Goal of the exercise
Below are the entries; return exactly the line with "2021 Audi e-tron - мініатюра 12" and every later line, without anything else.
══════════
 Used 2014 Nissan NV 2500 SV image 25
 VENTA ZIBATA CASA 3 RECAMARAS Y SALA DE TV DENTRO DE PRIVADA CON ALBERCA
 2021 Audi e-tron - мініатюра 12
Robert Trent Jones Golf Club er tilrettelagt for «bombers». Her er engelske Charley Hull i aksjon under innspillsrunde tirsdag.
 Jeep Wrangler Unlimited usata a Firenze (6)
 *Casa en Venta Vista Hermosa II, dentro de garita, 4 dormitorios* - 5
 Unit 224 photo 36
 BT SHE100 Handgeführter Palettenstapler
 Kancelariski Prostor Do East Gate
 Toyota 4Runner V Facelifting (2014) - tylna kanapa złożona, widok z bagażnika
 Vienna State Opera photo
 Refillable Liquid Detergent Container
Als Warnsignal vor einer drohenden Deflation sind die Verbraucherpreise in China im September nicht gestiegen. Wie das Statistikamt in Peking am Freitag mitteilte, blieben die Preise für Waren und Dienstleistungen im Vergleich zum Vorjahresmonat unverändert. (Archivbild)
══════════
Exercise answer
 2021 Audi e-tron - мініатюра 12
Robert Trent Jones Golf Club er tilrettelagt for «bombers». Her er engelske Charley Hull i aksjon under innspillsrunde tirsdag.
 Jeep Wrangler Unlimited usata a Firenze (6)
 *Casa en Venta Vista Hermosa II, dentro de garita, 4 dormitorios* - 5
 Unit 224 photo 36
 BT SHE100 Handgeführter Palettenstapler
 Kancelariski Prostor Do East Gate
 Toyota 4Runner V Facelifting (2014) - tylna kanapa złożona, widok z bagażnika
 Vienna State Opera photo
 Refillable Liquid Detergent Container
Als Warnsignal vor einer drohenden Deflation sind die Verbraucherpreise in China im September nicht gestiegen. Wie das Statistikamt in Peking am Freitag mitteilte, blieben die Preise für Waren und Dienstleistungen im Vergleich zum Vorjahresmonat unverändert. (Archivbild)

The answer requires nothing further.